§ EXERCISE DESCRIPTION:
Print the records below exactly, with no pictures.

§ Image-text web data:
════════

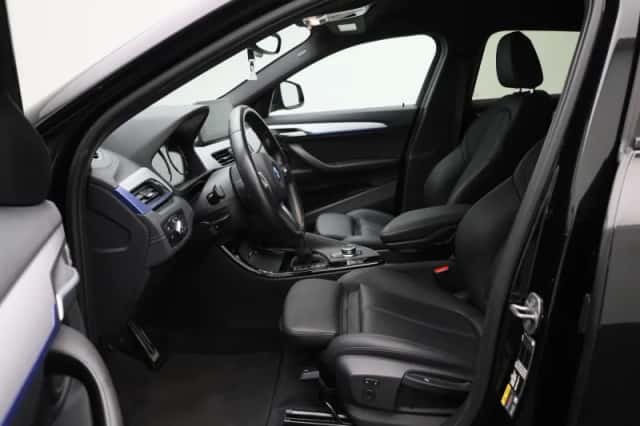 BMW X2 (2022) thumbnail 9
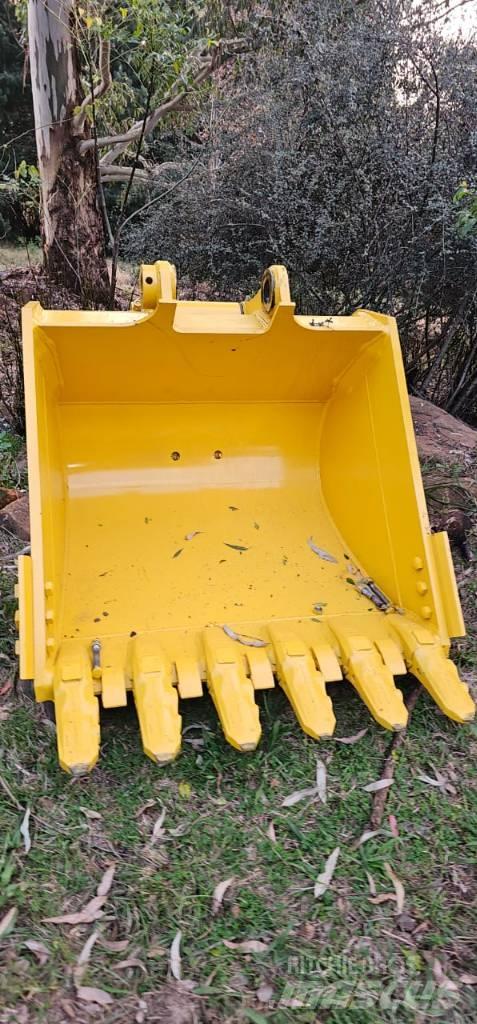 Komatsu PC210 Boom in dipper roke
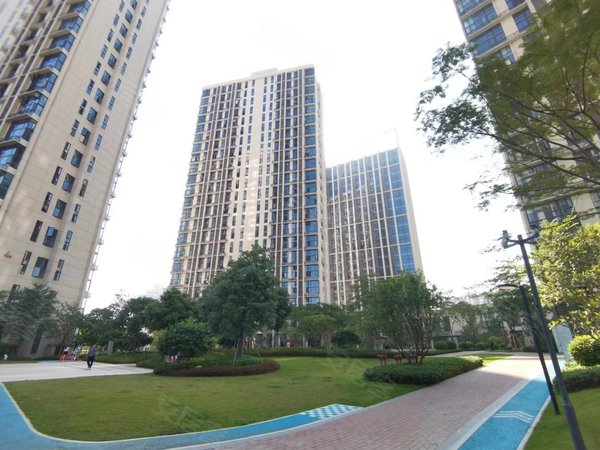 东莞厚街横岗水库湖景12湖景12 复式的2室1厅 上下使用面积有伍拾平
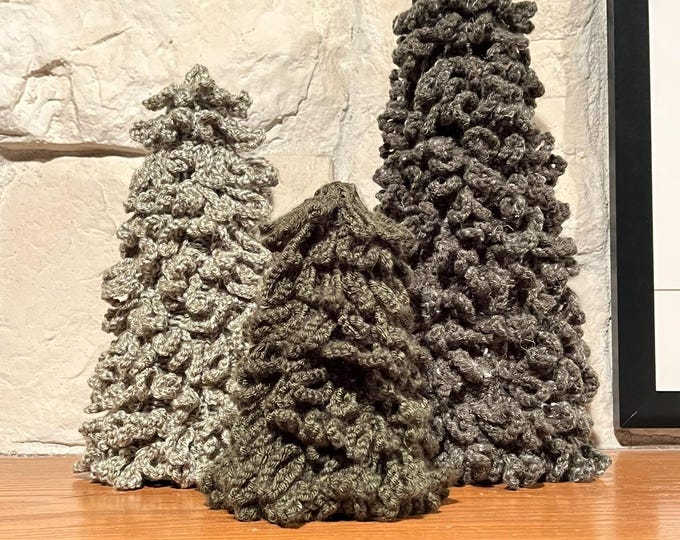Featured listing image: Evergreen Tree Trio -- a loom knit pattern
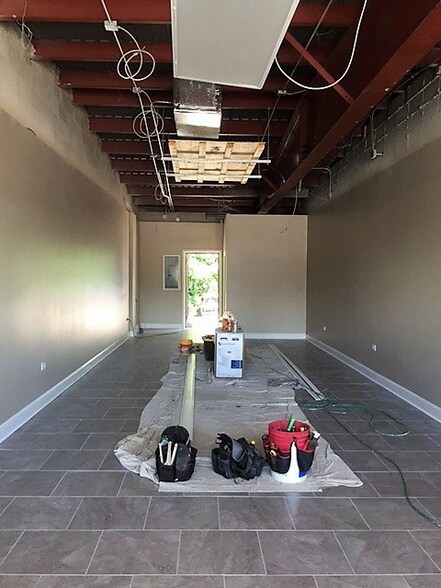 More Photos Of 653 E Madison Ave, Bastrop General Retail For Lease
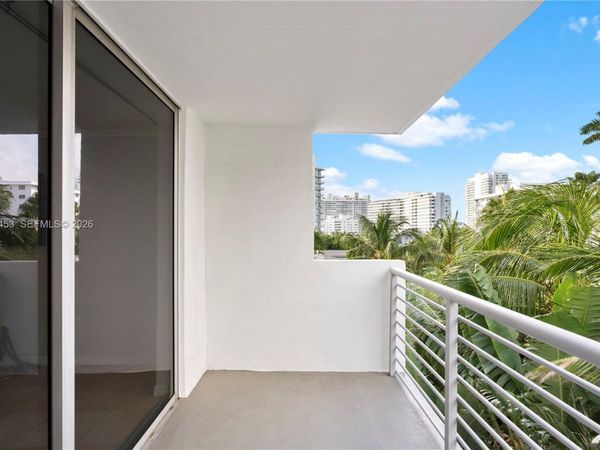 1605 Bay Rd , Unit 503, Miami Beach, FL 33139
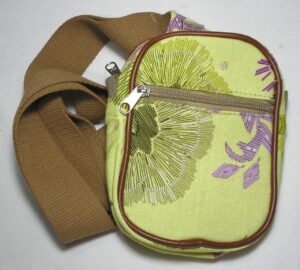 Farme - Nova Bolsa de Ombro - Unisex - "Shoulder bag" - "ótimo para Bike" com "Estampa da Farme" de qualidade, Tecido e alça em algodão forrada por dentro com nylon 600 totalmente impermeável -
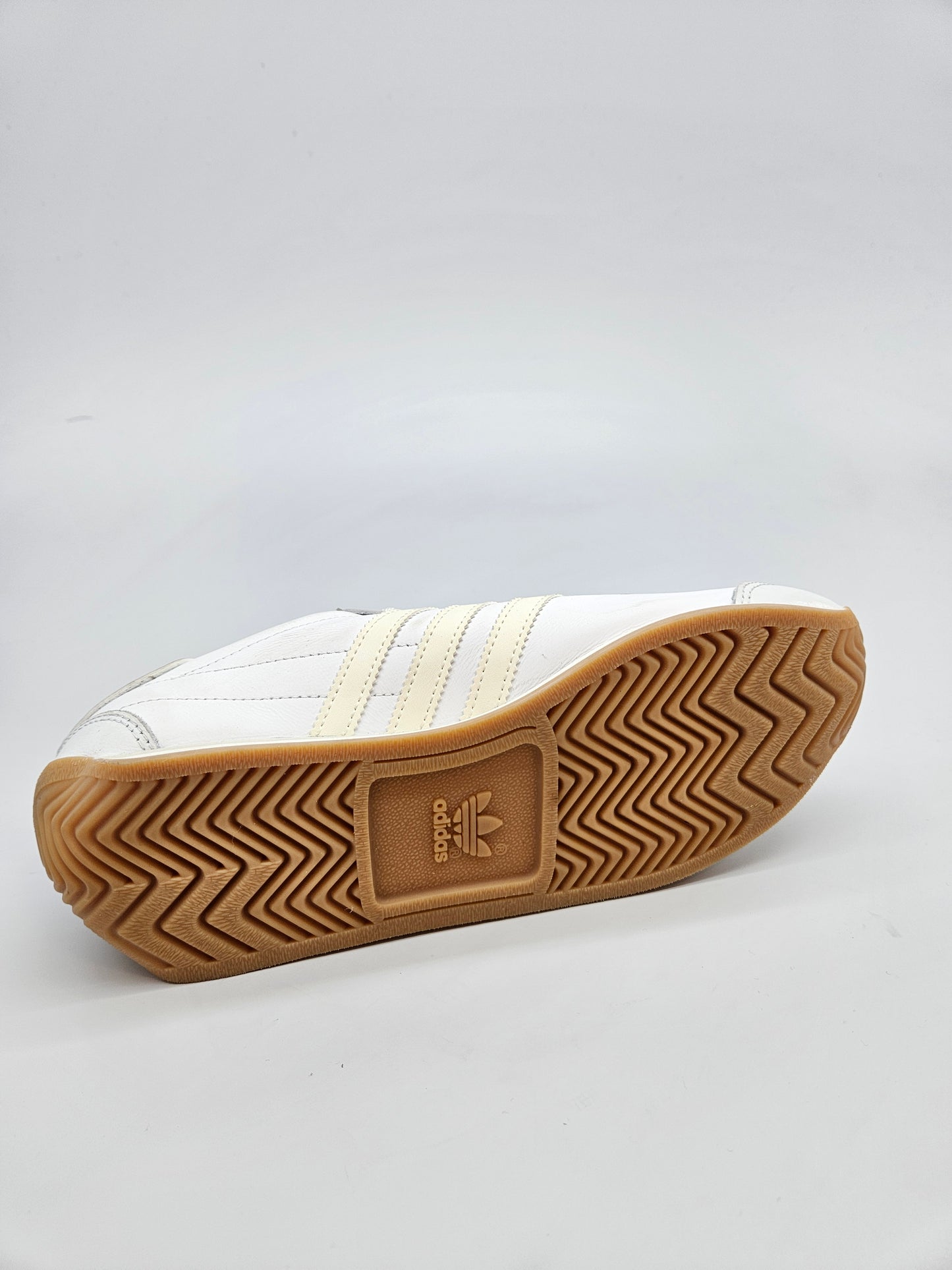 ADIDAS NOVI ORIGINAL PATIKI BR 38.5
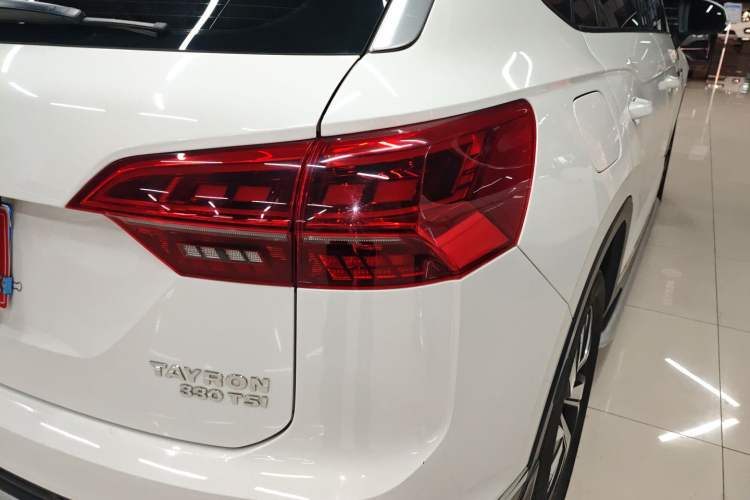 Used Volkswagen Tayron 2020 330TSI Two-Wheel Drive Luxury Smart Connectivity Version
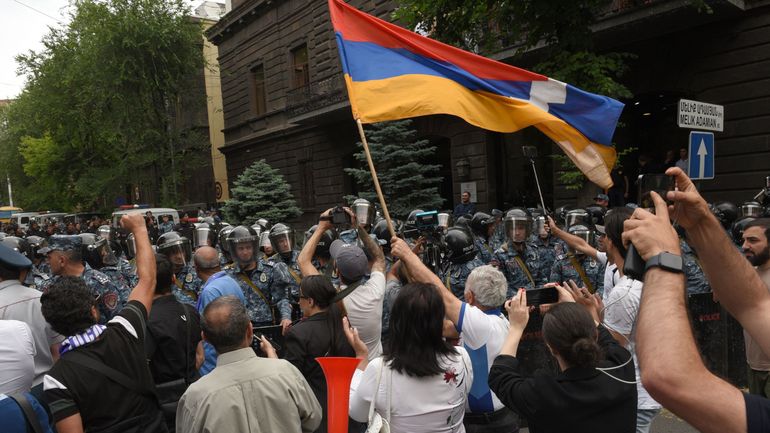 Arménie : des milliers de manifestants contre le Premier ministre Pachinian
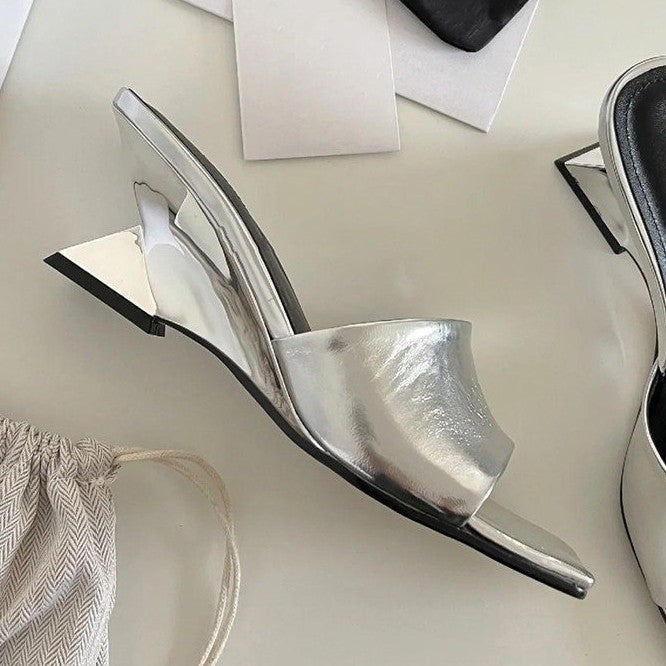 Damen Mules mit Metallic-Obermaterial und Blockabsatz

════════

§ ANSWER TO THIS TASK:
 BMW X2 (2022) thumbnail 9
 Komatsu PC210 Boom in dipper roke
 东莞厚街横岗水库湖景12湖景12 复式的2室1厅 上下使用面积有伍拾平
Featured listing image: Evergreen Tree Trio -- a loom knit pattern
 More Photos Of 653 E Madison Ave, Bastrop General Retail For Lease
 1605 Bay Rd , Unit 503, Miami Beach, FL 33139
 Farme - Nova Bolsa de Ombro - Unisex - "Shoulder bag" - "ótimo para Bike" com "Estampa da Farme" de qualidade, Tecido e alça em algodão forrada por dentro com nylon 600 totalmente impermeável -
 ADIDAS NOVI ORIGINAL PATIKI BR 38.5
 Used Volkswagen Tayron 2020 330TSI Two-Wheel Drive Luxury Smart Connectivity Version
 Arménie : des milliers de manifestants contre le Premier ministre Pachinian
 Damen Mules mit Metallic-Obermaterial und Blockabsatz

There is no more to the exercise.